— PROMPT —
From the first line to the last, print the material exactly, skipping the pictures.

— MATERIAL PROVIDED —
::::
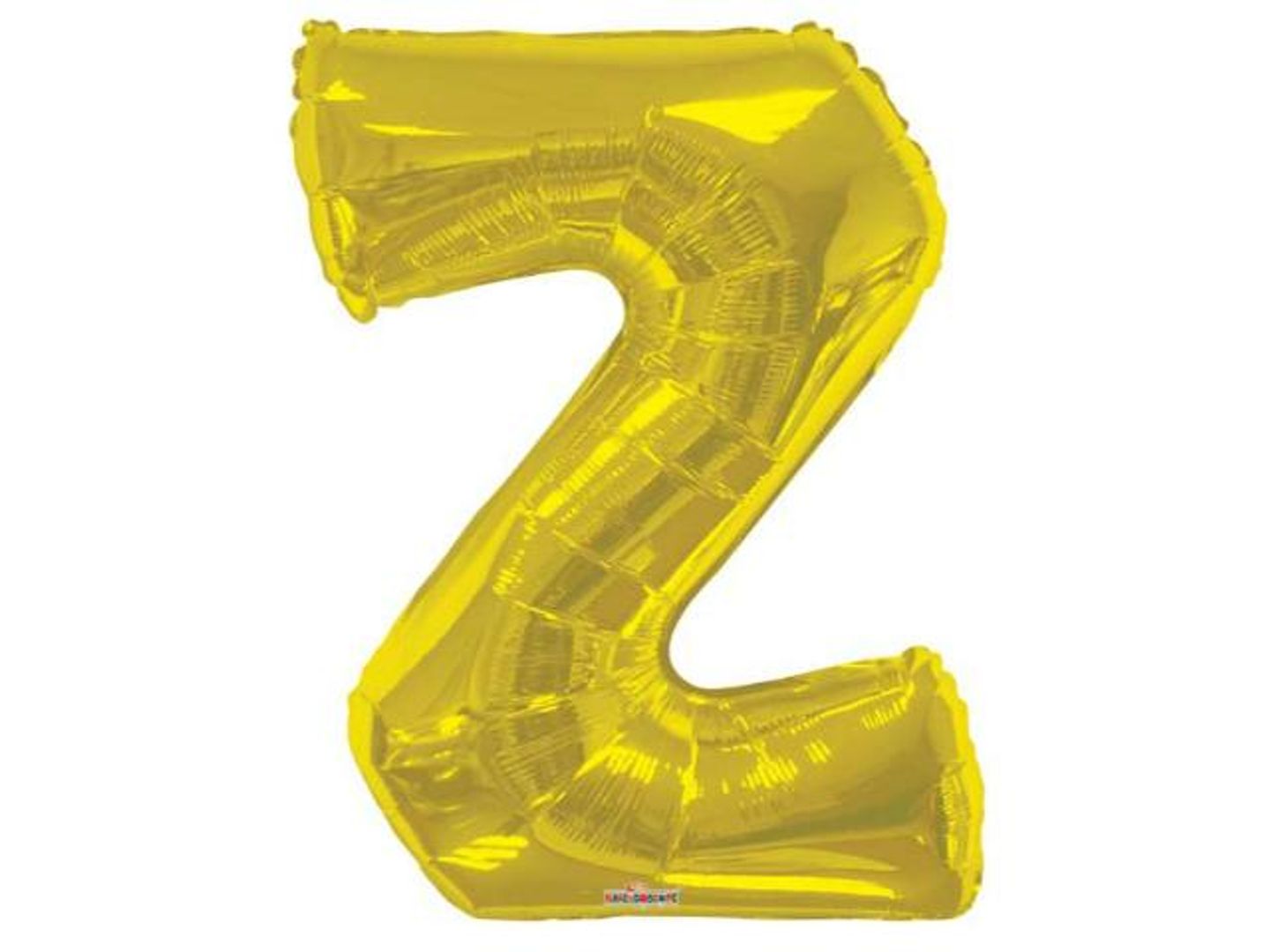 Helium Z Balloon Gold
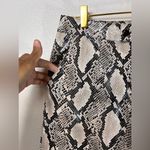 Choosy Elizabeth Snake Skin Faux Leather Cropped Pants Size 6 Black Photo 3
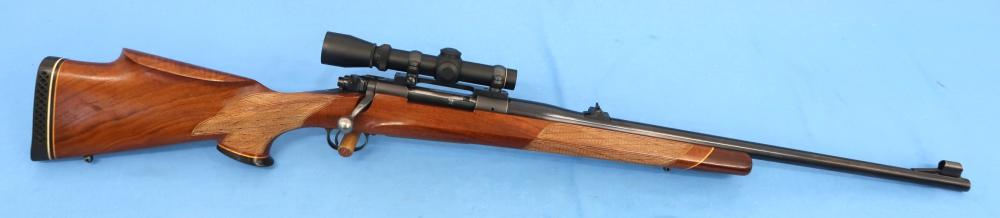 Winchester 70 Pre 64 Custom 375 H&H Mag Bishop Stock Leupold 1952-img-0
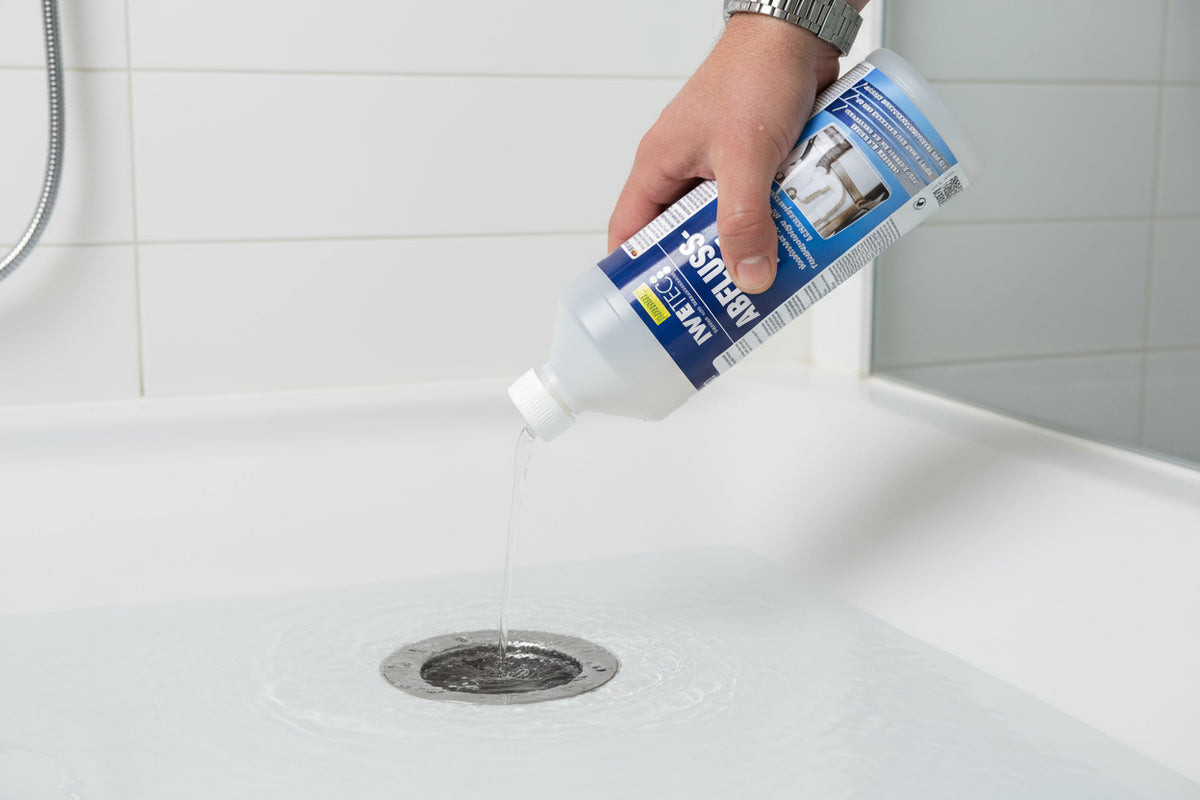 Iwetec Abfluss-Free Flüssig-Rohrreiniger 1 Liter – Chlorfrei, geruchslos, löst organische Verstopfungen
::::
— FINISHED TASK —
 Helium Z Balloon Gold
 Choosy Elizabeth Snake Skin Faux Leather Cropped Pants Size 6 Black Photo 3
 Winchester 70 Pre 64 Custom 375 H&H Mag Bishop Stock Leupold 1952-img-0
 Iwetec Abfluss-Free Flüssig-Rohrreiniger 1 Liter – Chlorfrei, geruchslos, löst organische Verstopfungen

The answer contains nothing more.